There are many different kinds of bronze sculptures in the world. Bronze sculpture is also simply called a “bronze.” Some bronzes are mass-produced, some are limited runs, and others are one offs. The choice to create a reproducible bronze is one that David has yet to choose and all of his bronzes are one of a
kind, no replicas or doubles exist.

The process involved in creating an Aschenbrener bronze is extremely labor intensive and takes hours upon hours to complete. The majority of bronze sculpture starts as a wax sculpture and then proceeds down the road of the casting process. David’s work adds a step and starts as ice, a frozen form. Unlike sculpting in a wax form from the beginning, David takes disassociate blocks of ice and sees the bigger picture of how they will fit together at the end of the bronze casting process.

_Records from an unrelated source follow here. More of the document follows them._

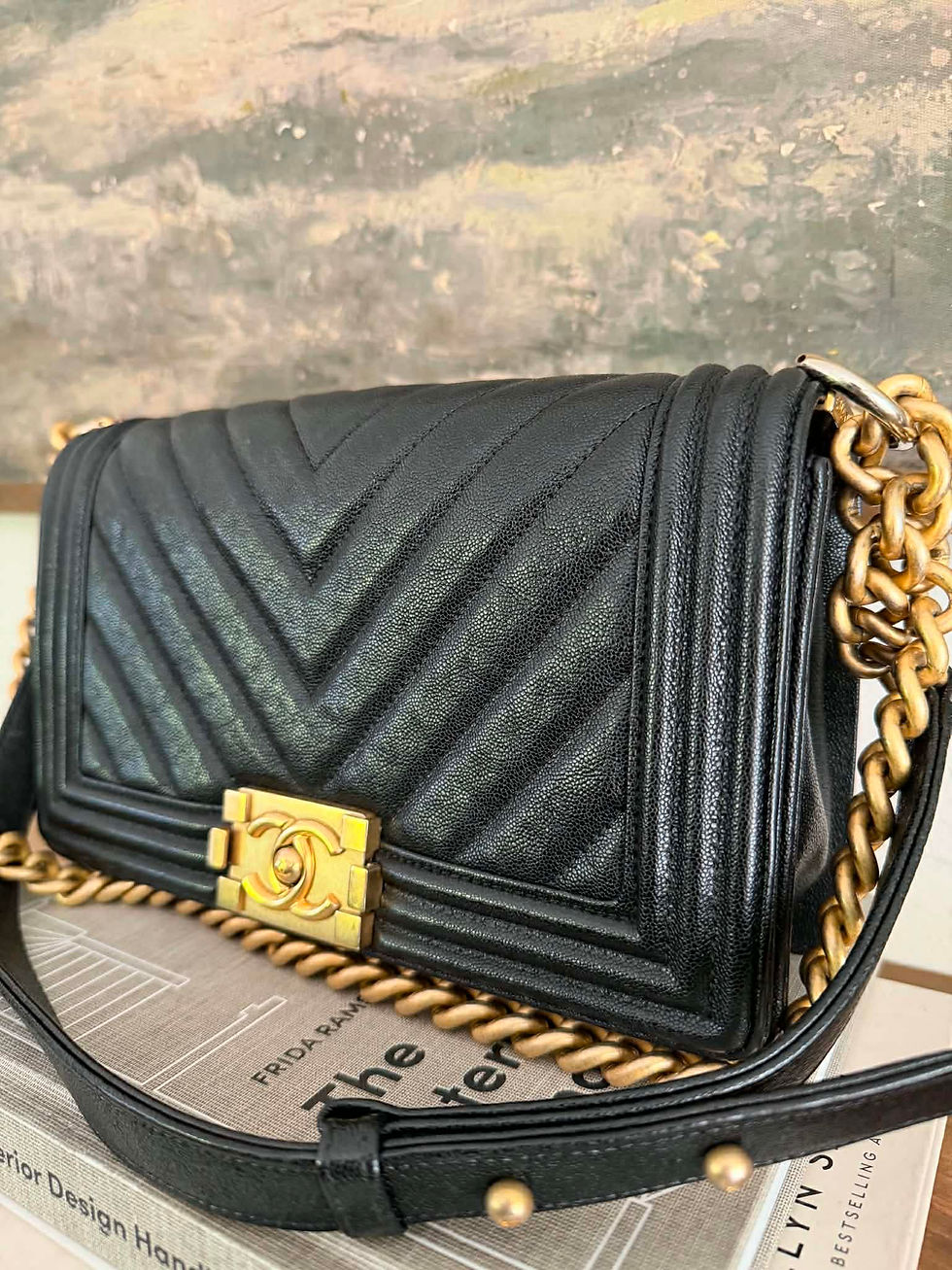 Thumbnail: Chanel Chevron Caviar Leather Old Medium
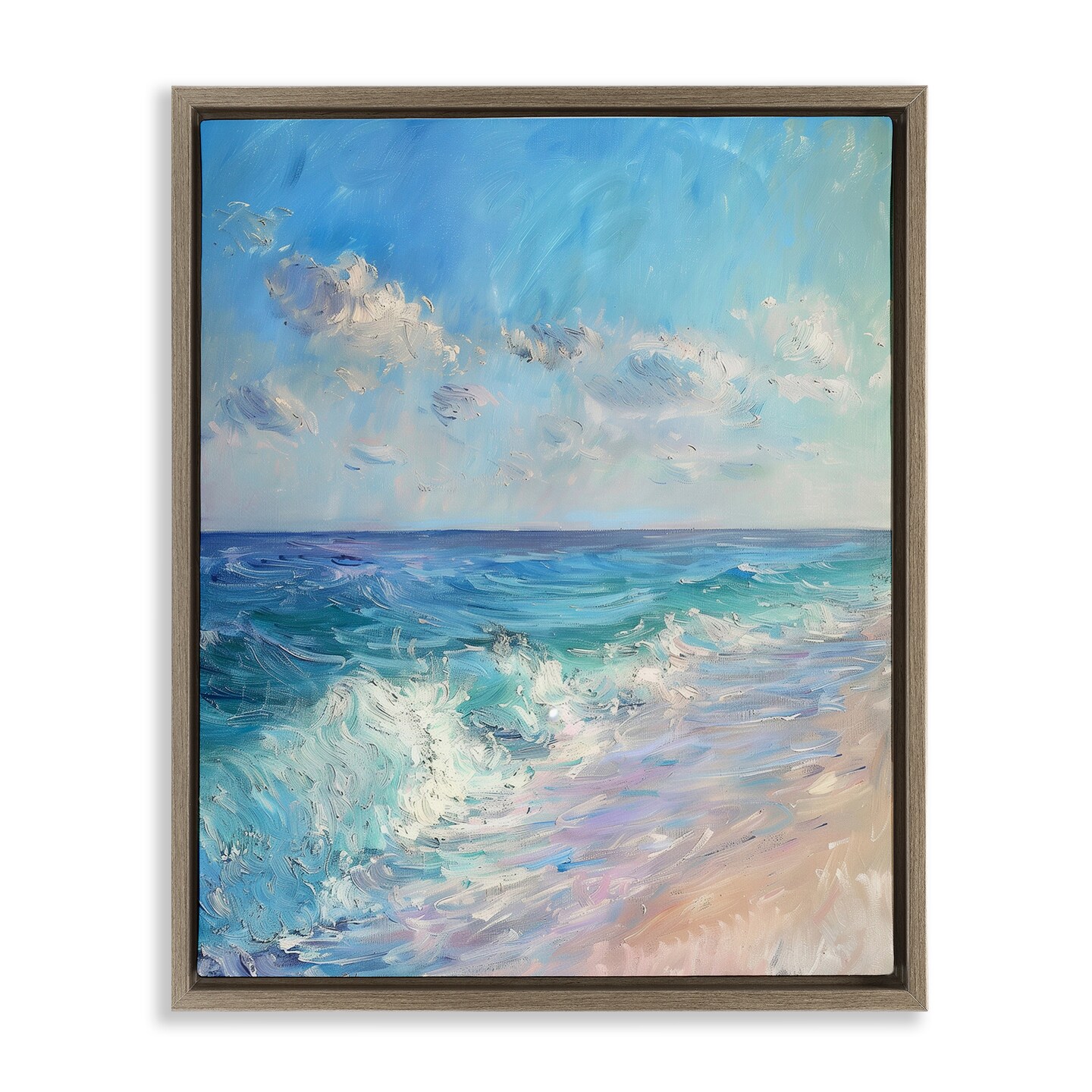 Stupell Industries Soft Ocean Beach Floater Framed Canvas Wall Art Design by LSR Design Studio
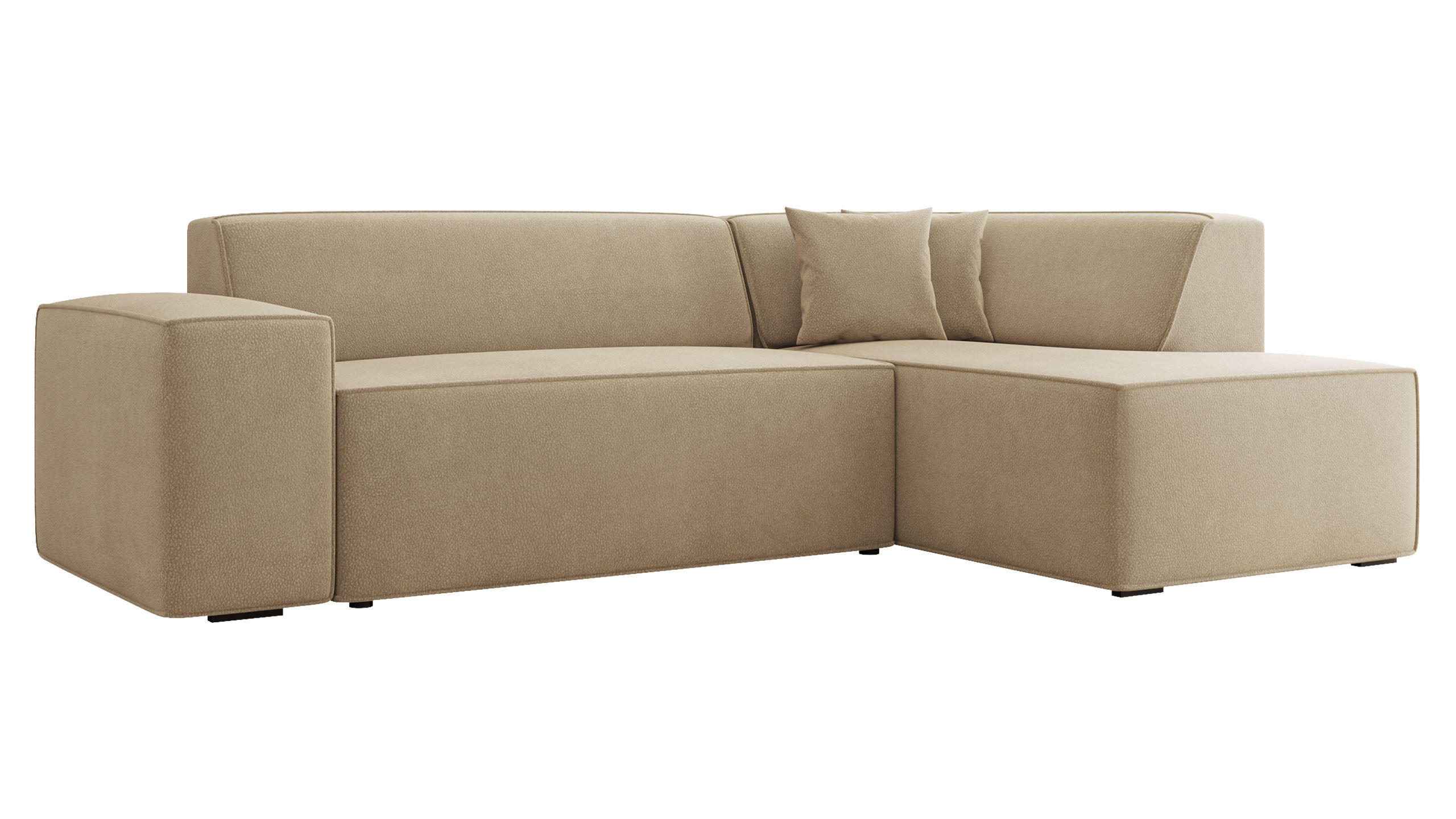 ECKSOFA Lordin Premium, Seite: Rechts - Beige, Holz/Textil (267/205cm) - MIRJAN24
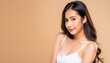 © Wonderful Life  - Young Asian woman with long hair and perfect skin, in white underwear and Korean makeup, in front of a colored background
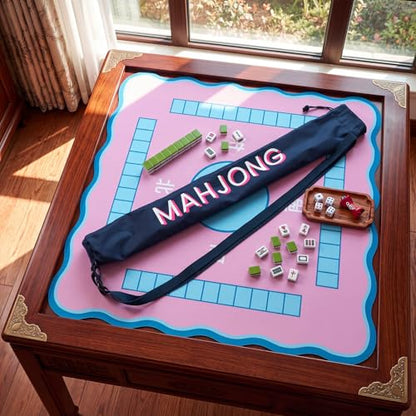 35 Inch Long Mahjong Mat Bag Waterproof Mahjong Mat Storage Carrying Bag Double Strapped Polyester Drawstring Lightweight Holder for Board Games Storage-mat Not Included(Navy Blue) - color: Navy Blue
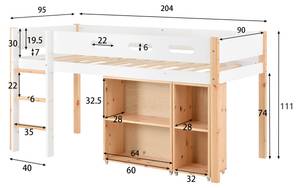 Hochbett Lio Weiß - Holzwerkstoff - Massivholz - 95 x 111 x 204 cm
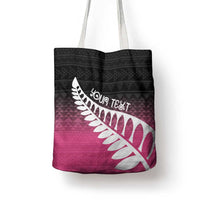 Pink Silver Fern Spirit Taniko Tukutuku Personalised Tote Bag - Polynesian Pride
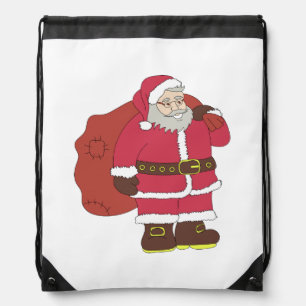 Santa Claus in red with gift bag and eyeglasses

David wades out into the shallows lakes to chop out ice, climbs up on dams to harvest the ice, and pulls down icicles from houses. The ice dictates what the final sculpture is going to look like, and David plays off of this relationship. He never knows the final shape and color and look of a piece until the very end, when he seals the vibrant colors onto the bronze.

After wading into the shallows and harvesting ice, he then carves the ice piece with different tools and techniques. Once he has a shape that is satisfying, he turns it into wax. This process is secret and David is the only person in the world who is turning ice into bronze.

Once the ice is a wax form, David applies texture and patterns to give the wax interest and depth. Still at

this point, the wax forms are disassociated shapes, not fully together, but closer to being a finished product than they started as. At this stage, David sends the wax to the foundry where it will be turned into bronze.

Up to this point, only about half of the work that it takes to produce an Aschenbrener bronze is finished. The foundry covers the wax form in an extremely hard ceramic shell to form the mold for the bronze to be poured into in place of the wax.

After the bronze has dried and cooled inside the ceramic mold, the shell is smashed and hammered away to reveal raw bronze. David then takes the fronze forms to his studio where he “chases” the imperfections out of the sculptures. Once the imperfections are gone, David has to re-add some of the detail that was chased away.

The next 20 hours or so our are spent applying certain chemicals and heat to the bronze to pull out certain colors in the accelerated patina process. Later when the last dot of color is put on the bronze, it sealed forever with a permanent wax coating able to stand up to any of the elements.